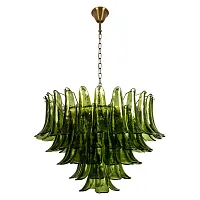 Люстра подвесная Лилу / Lilou 10600/800 Olive LOFT IT зелёная на 18 ламп, основание бронзовое в стиле 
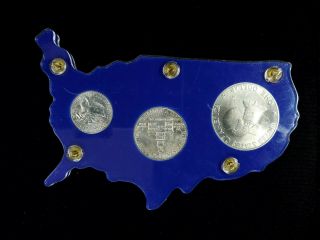 1976 S Bicentennial Silver 3 - Coin Vintage America Map Holder Blue Ike Kennedy 2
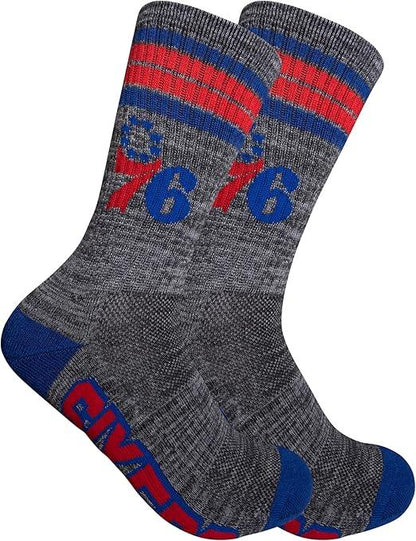 Ultra Game NBA Official Youth Athletic Cushioned Secure Fit Team Crew Socks, Philadelphia 76ers, Assorted, Y9-11|Philadelphia 76ers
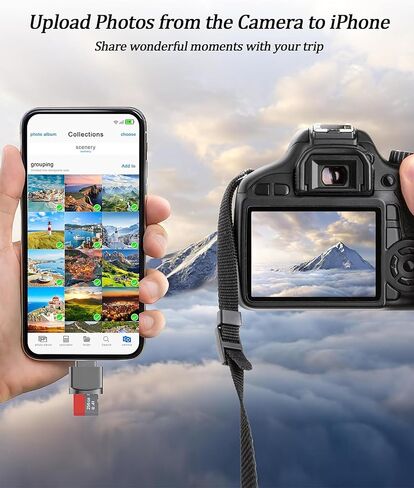 [معتمد من Apple MFi] قارئ بطاقات Lightning Micro SD لأجهزة iPhone iPad، محول قارئ بطاقات SD TF لأجهزة iPhone 14/13/12/11/XR/X/8/7 يدعم iOS 16 17، عارض قارئ بطاقات الذاكرة السريع لأجهزة iPhone iPad in Kuwait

* Directions *
Restate the material word for word, minus pictures.

* Worked solution *
 Люстра подвесная Лилу / Lilou 10600/800 Olive LOFT IT зелёная на 18 ламп, основание бронзовое в стиле 
 1976 S Bicentennial Silver 3 - Coin Vintage America Map Holder Blue Ike Kennedy 2
 Ultra Game NBA Official Youth Athletic Cushioned Secure Fit Team Crew Socks, Philadelphia 76ers, Assorted, Y9-11|Philadelphia 76ers
 [معتمد من Apple MFi] قارئ بطاقات Lightning Micro SD لأجهزة iPhone iPad، محول قارئ بطاقات SD TF لأجهزة iPhone 14/13/12/11/XR/X/8/7 يدعم iOS 16 17، عارض قارئ بطاقات الذاكرة السريع لأجهزة iPhone iPad in Kuwait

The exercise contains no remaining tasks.